Connecticut Superior Court Judicial District of Ansonia-Milford at Milford
Mar 21, 2006
2006 Ct. Sup. 5522 (Conn. Super. Ct. 2006)

Opinion

No. CV 05 4003674

March 21, 2006


MEMORANDUM OF DECISION ON THE MOTION TO DISMISS


STATEMENT OF THE CASE

On June 23, 2005, the plaintiff, Mary Hyde, filed a sixteen-count complaint both individually and as next of friend of her minor son, Bailey Cook, Jr. The defendants in this action are the following: Robert and Donna Pysz; the town of Seymour; Seymour police officers Todd Romagna and Joseph DeFelice; Seymour's chief of police, Michael Metzler; chairman of Seymour's board of police commissioners, Stephen Chucta; and Seymour's first selectman, Robert J. Koskelowski. In counts one and two, the plaintiffs assert claims on behalf of Cook and against Robert and Donna Pysz, respectively, for assault. In counts three through nine, both plaintiffs assert claims against Romagna, Defelica, Romagna, Metzler, Chucta, and Koskelowski, in their individual capacities, and the town, respectively, for violating their right to equal protection under the fourteenth amendment to the United States constitution, as enforced under 42 U.S.C. § 1983. In counts ten through sixteen, both plaintiffs allege claims against Robert and Donna Pysz, Romagna, Donna DeFelice, Metzler, Chucta and Koskelowski, respectively, for intentional infliction of emotional distress.
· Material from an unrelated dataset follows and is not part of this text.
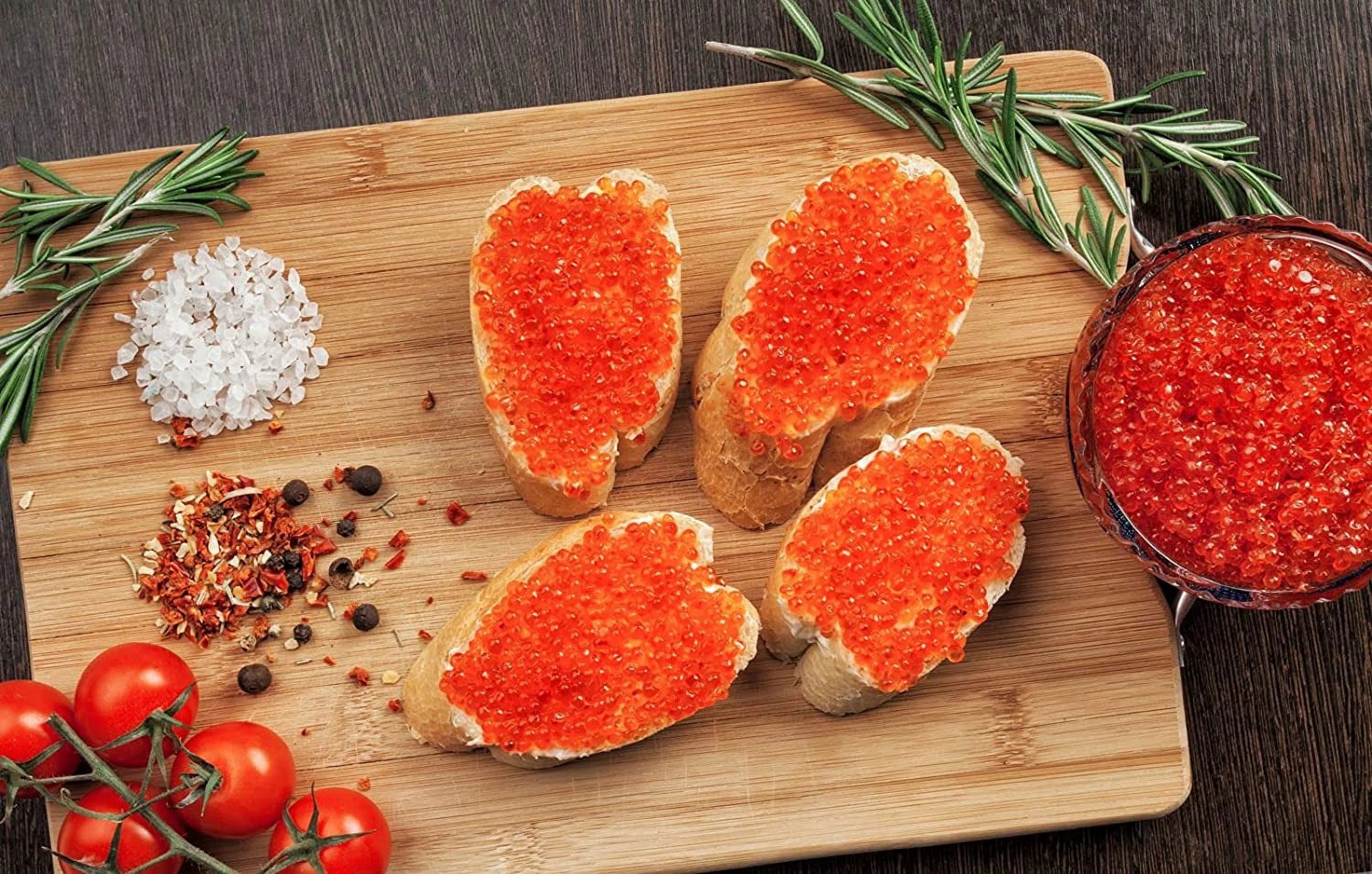 2 x Red Salmon Caviar &ndash; Alaskan Salmon Roe &ndash; Lightly Salted Caviar in Can 1 Lbs or 454 g (Coming with Caviar Spoon as Gift) Kosher certified - Product of USA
It appears that the plaintiff, Mary Hyde, has not properly brought her action "per proxima amici." "The term, proxima amici . . . is a Latin phase that translates into next of kin or next of friend." (Internal quotation marks omitted.) Harper v. Hall, Superior Court, judicial district of New London, Docket No. CV 04 4001131, n. 1 (June 23, 2005, Jones, J.). It has been explained that "[t]he next friend of [a minor] plaintiff cannot maintain a suit in his own name but the suit must be brought in the name of the [minor]. The process must run in the name of the [minor] by his next friend and not in the name of the next friend acting for the [minor]." Botelho v. Curtis, 28 Conn.Sup. 493, 495-96, 267 A.2d 675 (1970). The court will not address this issue further at the present time because the defendants have not asserted an objection on this ground, and the court agrees with the majority view that this misnomer is a non-jurisdictional, curable defect. See Sockwell v. Farias-Barret, Superior Court, judicial district of Waterbury, Docket No. CV 05 4004892 (October 19, 2005, Matasavage, J.) ( 40 Conn. L. Rptr. 136, 139); Harper v. Hall, Superior Court, judicial district of New London, Docket No. CV 04 4001131 (June 23, 2005, Jones, J.); Ryan v. Depamphilis, Superior Court, judicial district of Hartford, Docket No. CV 04 4002606 (April 28, 2005, Hale, J.T.R.) ( 39 Conn. L. Rptr. 293, 295); Aglan v. Matos-Martorelli, Superior Court, judicial district of New Haven, Docket No. CV 04 0491437 (December 21, 2004, Zoarski, J.T.R.); cf. LaChance v. Waterbury, Superior Court, judicial district of Waterbury, Docket No. CV 98 0148936 (August 22, 2001, Doherty, J.) ( 30 Conn. L. Rptr. 245).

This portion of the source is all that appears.